━━━ Entries shown ━━━

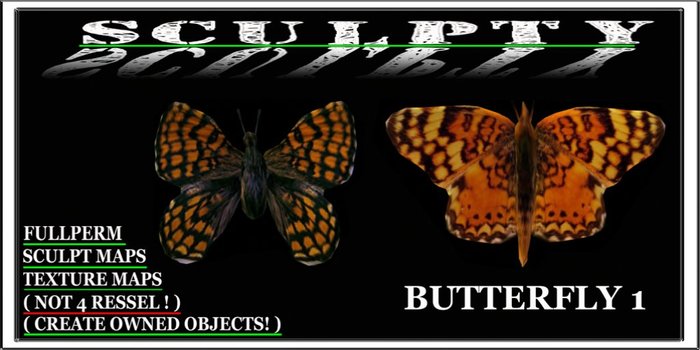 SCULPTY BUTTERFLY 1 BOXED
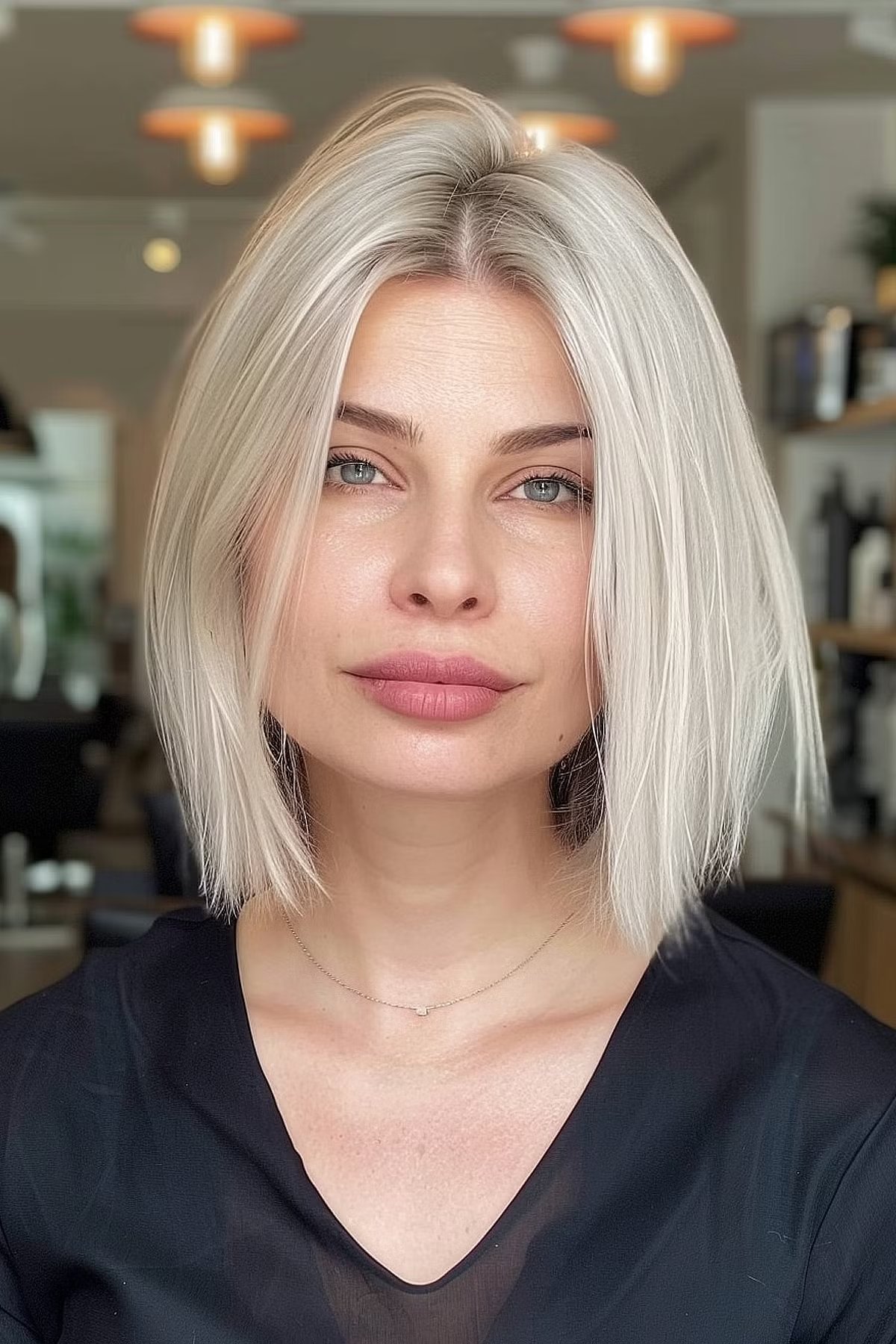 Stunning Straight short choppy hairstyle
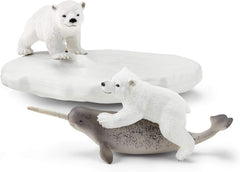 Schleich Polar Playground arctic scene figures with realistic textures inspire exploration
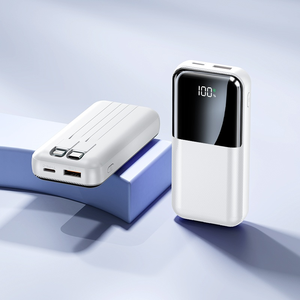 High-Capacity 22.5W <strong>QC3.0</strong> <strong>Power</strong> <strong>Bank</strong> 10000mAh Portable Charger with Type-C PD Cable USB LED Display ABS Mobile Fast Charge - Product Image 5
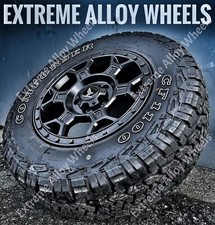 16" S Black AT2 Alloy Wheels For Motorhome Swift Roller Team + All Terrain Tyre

━━━
━━━ Entries shown ━━━

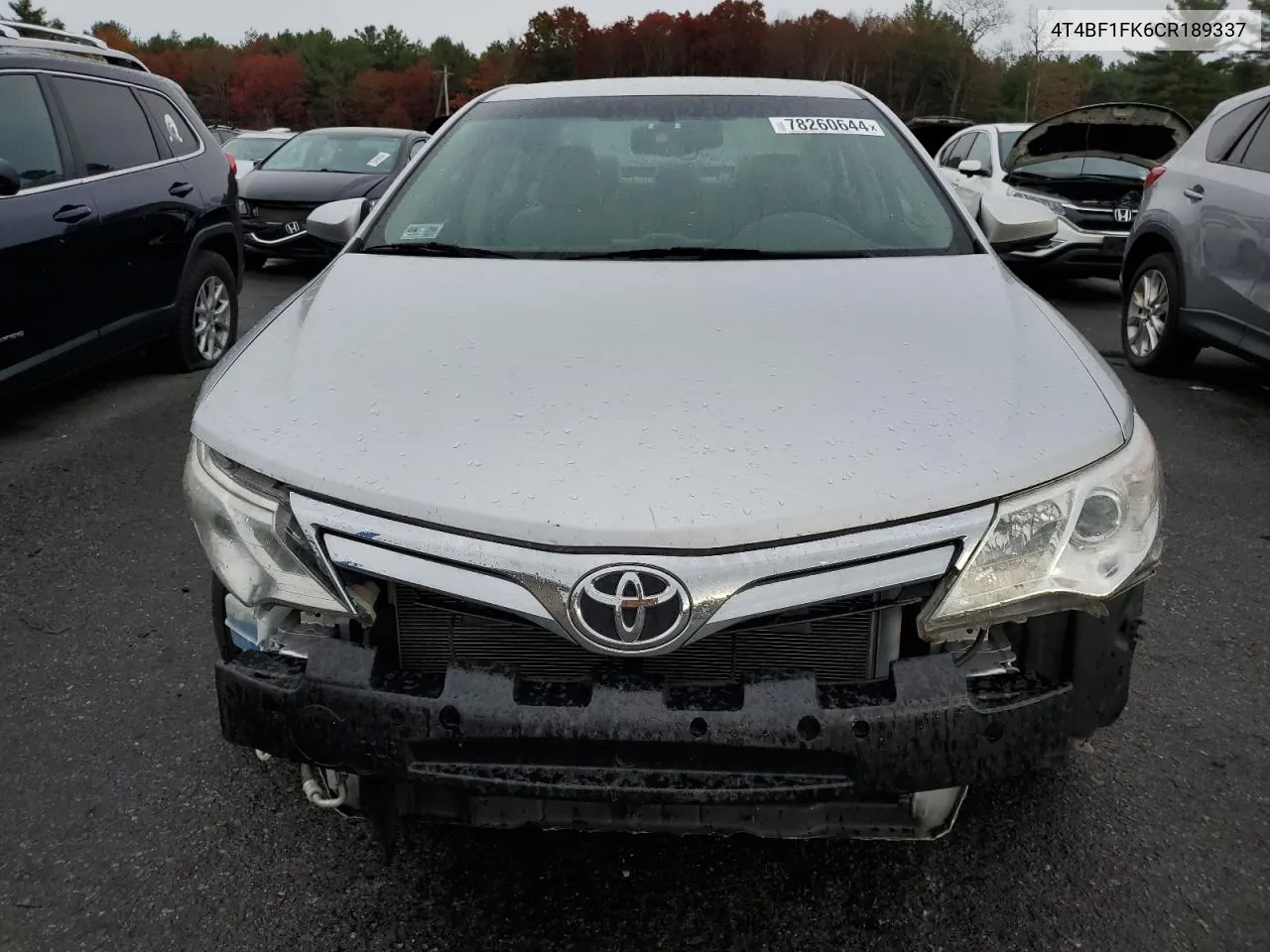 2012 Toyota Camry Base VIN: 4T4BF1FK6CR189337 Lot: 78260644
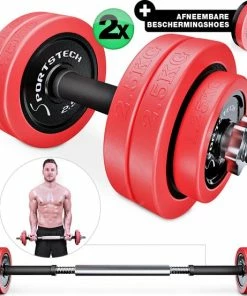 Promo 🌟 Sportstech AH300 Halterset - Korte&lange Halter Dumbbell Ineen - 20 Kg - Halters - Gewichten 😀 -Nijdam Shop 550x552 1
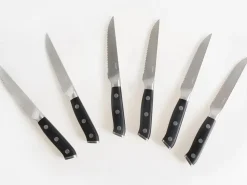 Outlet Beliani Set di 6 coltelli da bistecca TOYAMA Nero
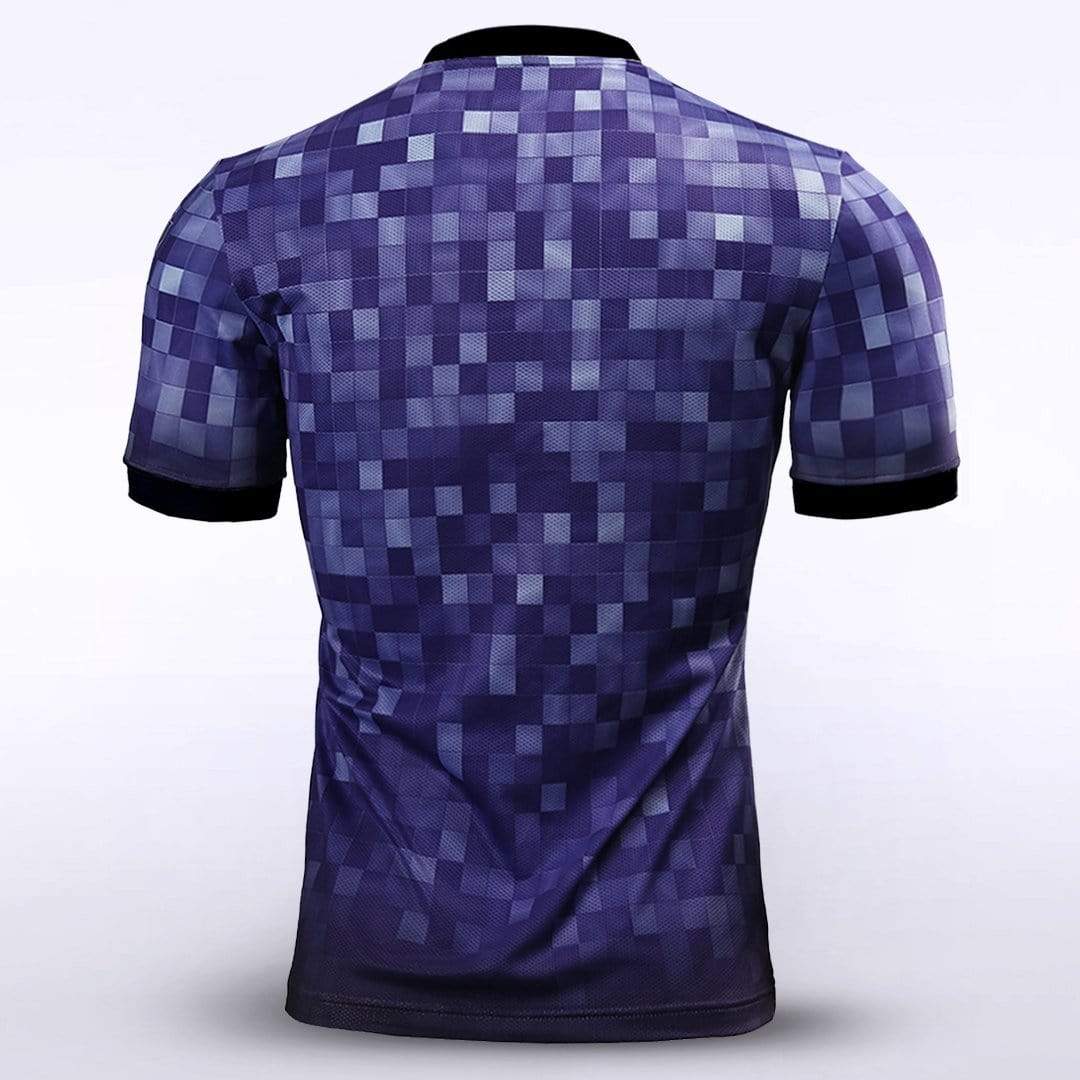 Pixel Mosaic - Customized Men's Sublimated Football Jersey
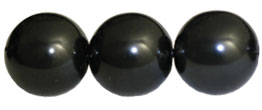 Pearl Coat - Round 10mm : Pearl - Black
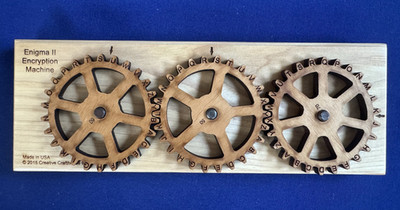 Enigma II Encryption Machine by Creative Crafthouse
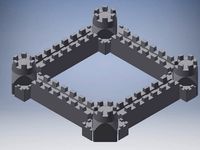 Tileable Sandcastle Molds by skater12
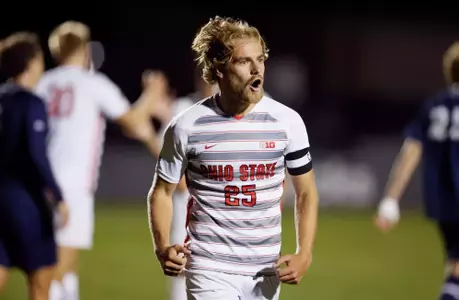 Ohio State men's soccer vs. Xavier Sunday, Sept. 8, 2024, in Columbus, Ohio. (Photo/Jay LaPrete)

━━━

**Work order:** Reproduce the lines above starting at the one with "Schleich Polar Playground" and ending at the one with "All Terrain Tyre", both included, exactly and with no pictures.

**Solution for this task:**
 Schleich Polar Playground arctic scene figures with realistic textures inspire exploration
 High-Capacity 22.5W <strong>QC3.0</strong> <strong>Power</strong> <strong>Bank</strong> 10000mAh Portable Charger with Type-C PD Cable USB LED Display ABS Mobile Fast Charge - Product Image 5
 16" S Black AT2 Alloy Wheels For Motorhome Swift Roller Team + All Terrain Tyre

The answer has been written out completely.